** The records follows **
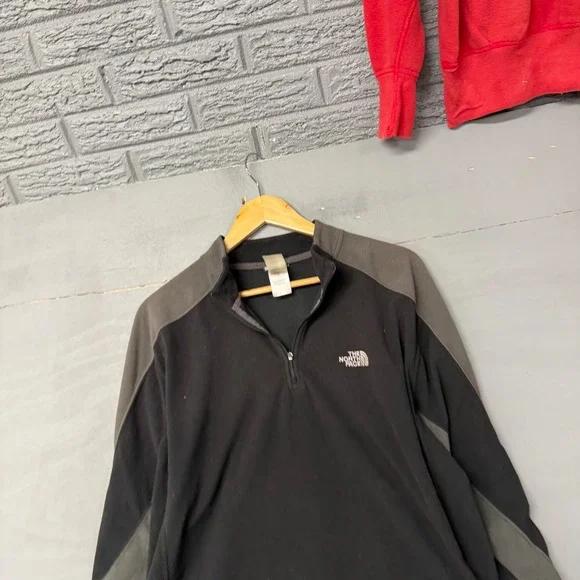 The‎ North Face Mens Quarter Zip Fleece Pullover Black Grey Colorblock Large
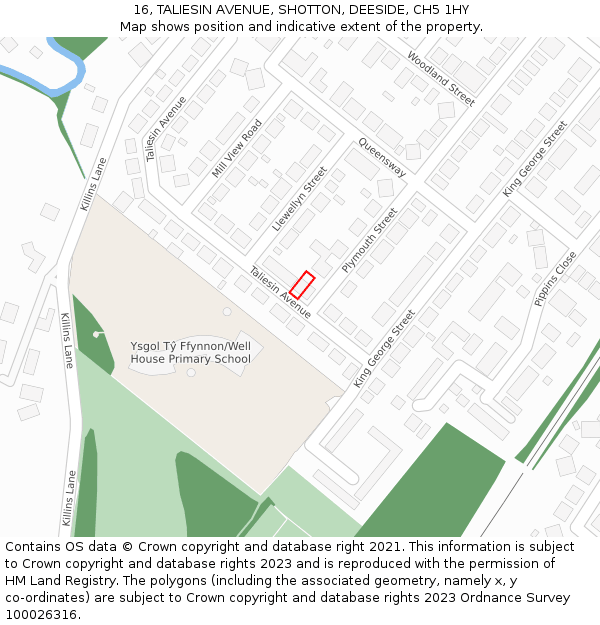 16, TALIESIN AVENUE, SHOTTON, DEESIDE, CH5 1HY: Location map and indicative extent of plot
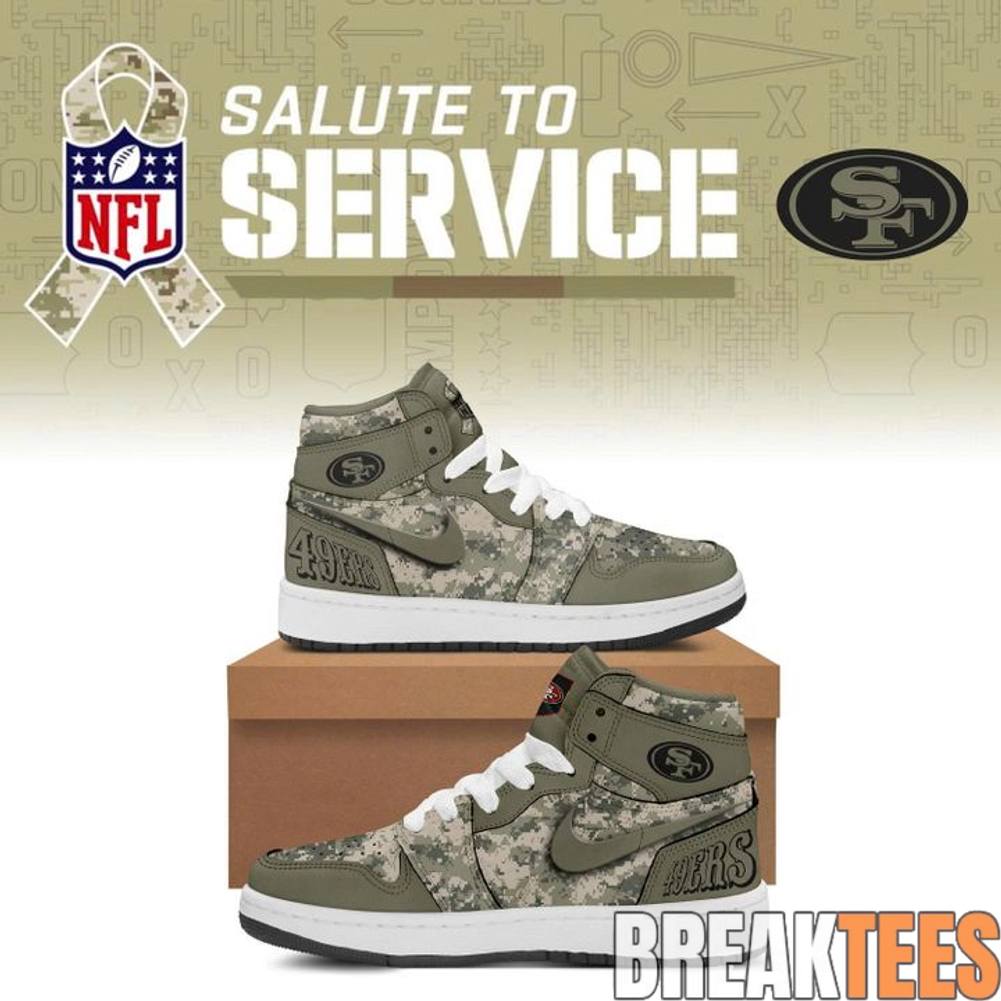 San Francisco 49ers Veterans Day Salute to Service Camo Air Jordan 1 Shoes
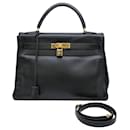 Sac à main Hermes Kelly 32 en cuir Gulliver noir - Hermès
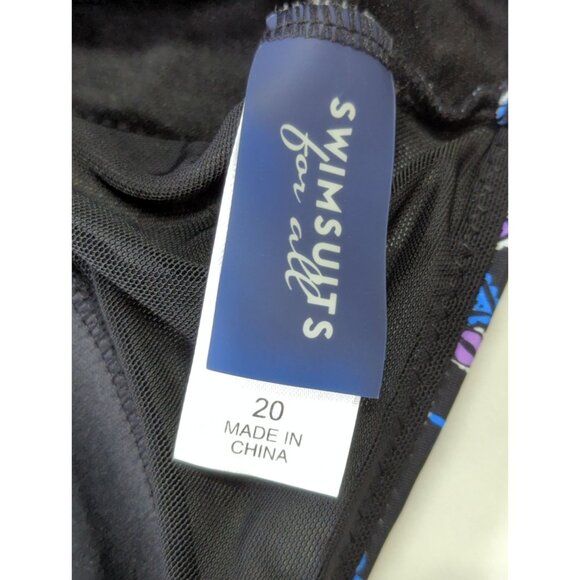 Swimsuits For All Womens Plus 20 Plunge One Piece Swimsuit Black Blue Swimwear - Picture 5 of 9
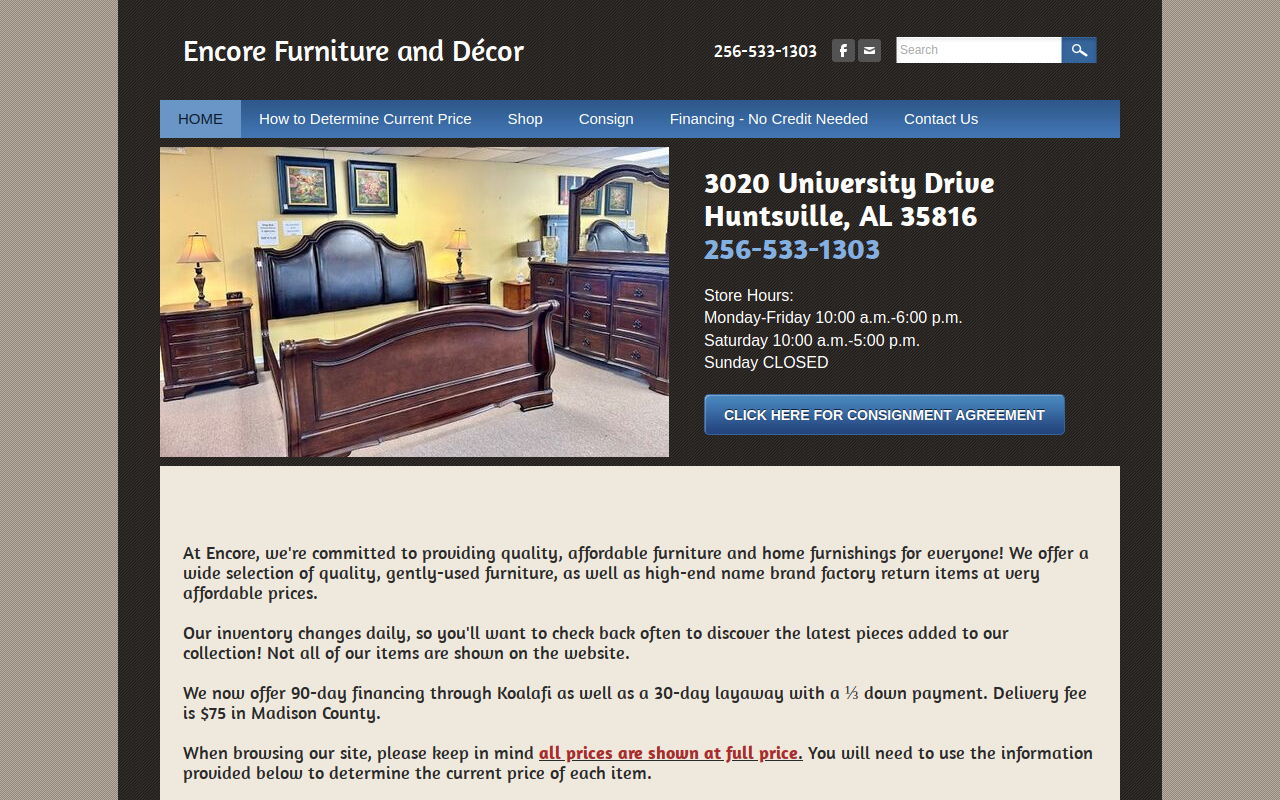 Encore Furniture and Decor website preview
** End of The records **
Brief:
Please copy every record above exactly, but leave the pictures out.

Exercise output:
 The‎ North Face Mens Quarter Zip Fleece Pullover Black Grey Colorblock Large
 16, TALIESIN AVENUE, SHOTTON, DEESIDE, CH5 1HY: Location map and indicative extent of plot
 San Francisco 49ers Veterans Day Salute to Service Camo Air Jordan 1 Shoes
 Sac à main Hermes Kelly 32 en cuir Gulliver noir - Hermès
 Swimsuits For All Womens Plus 20 Plunge One Piece Swimsuit Black Blue Swimwear - Picture 5 of 9
 Encore Furniture and Decor website preview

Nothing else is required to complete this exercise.